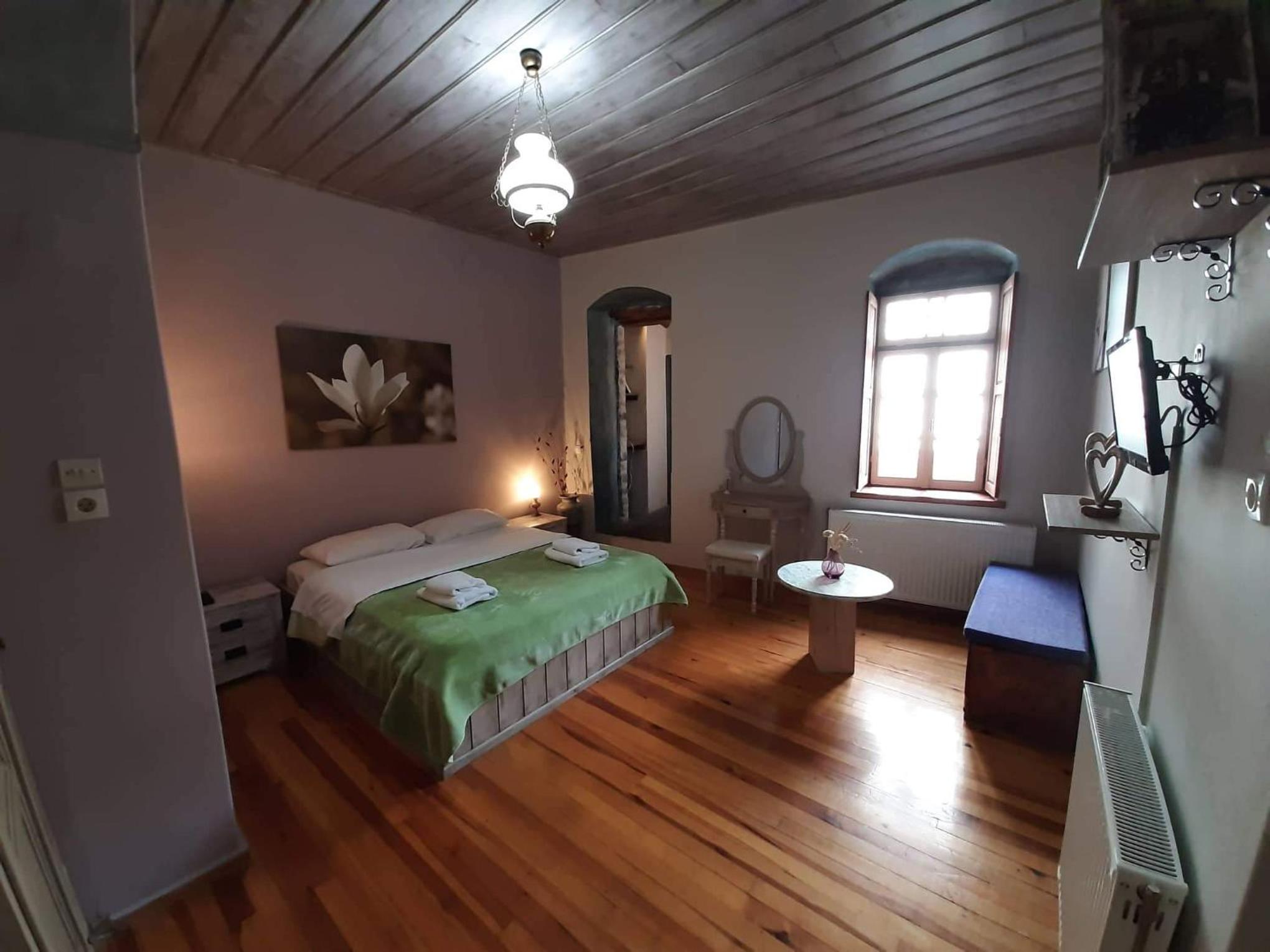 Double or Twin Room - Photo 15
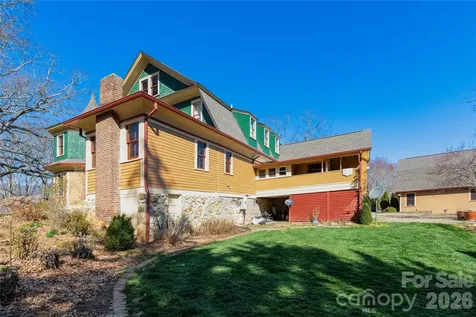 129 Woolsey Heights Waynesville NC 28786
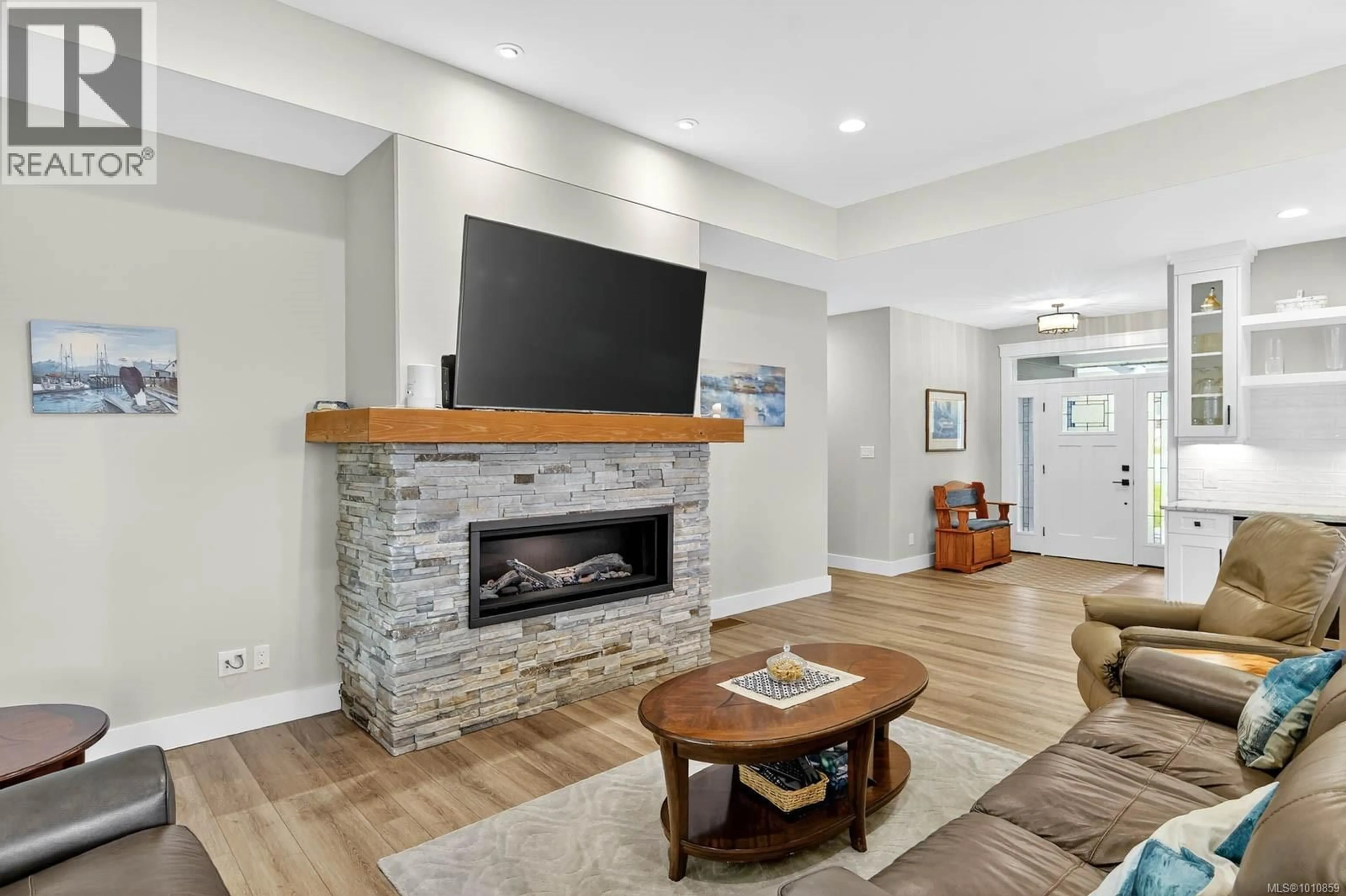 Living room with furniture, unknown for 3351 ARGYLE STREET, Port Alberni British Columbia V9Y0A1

What you need to do: Give back only the lines from the one that carries "129 Woolsey Heights Waynesville NC 28786" through the final line above, both included. Drop all pictures.

Reply:
 129 Woolsey Heights Waynesville NC 28786
 Living room with furniture, unknown for 3351 ARGYLE STREET, Port Alberni British Columbia V9Y0A1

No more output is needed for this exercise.